The only time that is billed is that used while running the acquisition program for a funded study.  Prep time, development, pilot studies, etc will not be billed.  Currently there are three different kinds of accounts used:

  • Development (free): to be used when designing your study to work with the MEG system; i.e., setting up stimuli, testing out triggers, etc.
  • Pilot (free): if you do not have the money to fund a study, or if you simply want to run a few test subjects before beginning your true study (such data will not be published), use this account.
  • Funded ($$): to be used for actual studies (e.g., data expected to be published).


What is the benefit of using EEG?  How many channels should I use?


There are many excellent reference papers comparing MEG to EEG, several of which can be found on the MEG website. 

  • The short answer to this question is that the sensitivity of MEG and EEG to different sources is complementary, particularly because EEG is able to see radial sources. 
  • Another benefit is that EEG has no head movement issues. 
  • Additionally, if you are more familiar with how the EEG component looks, it is a good idea to collect EEG and use it to better understand your MEG findings. 


A decision regarding how many EEG channels to use depends on why you will be using the data. 

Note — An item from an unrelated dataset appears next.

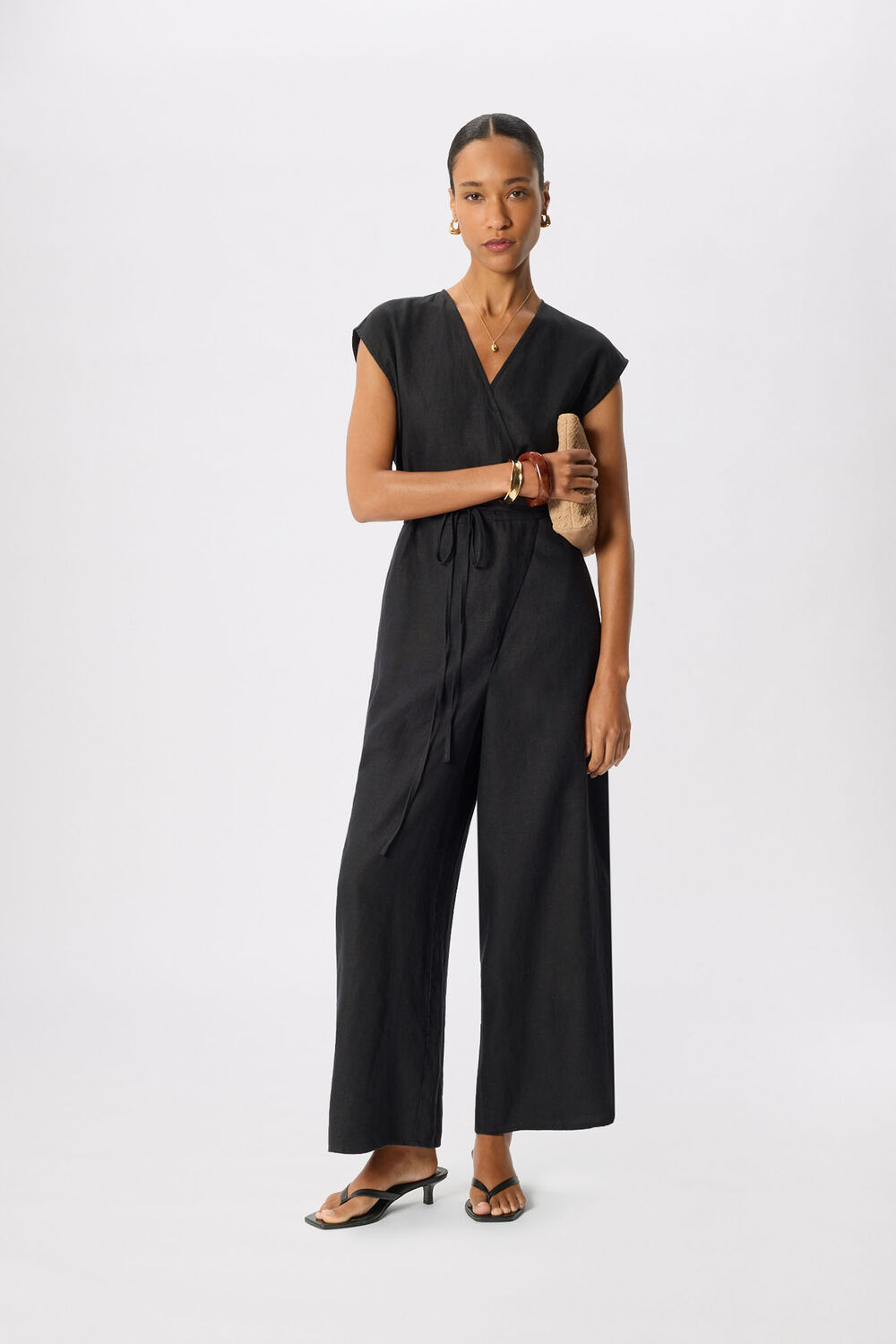 Black Linen Wrap Jumpsuit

·         If you want to compare your EEG data to previous ERP studies, using 5-10 electrodes may be acceptable, and a 64 or 128 channel cap may be overkill.

·         If you are using your data for source analysis, then the 64/128 caps are very helpful.


The integration of MEG and EEG data was discussed, and the consensus seems to be that the integration software exists and is working, but needs much more testing before it is available to users.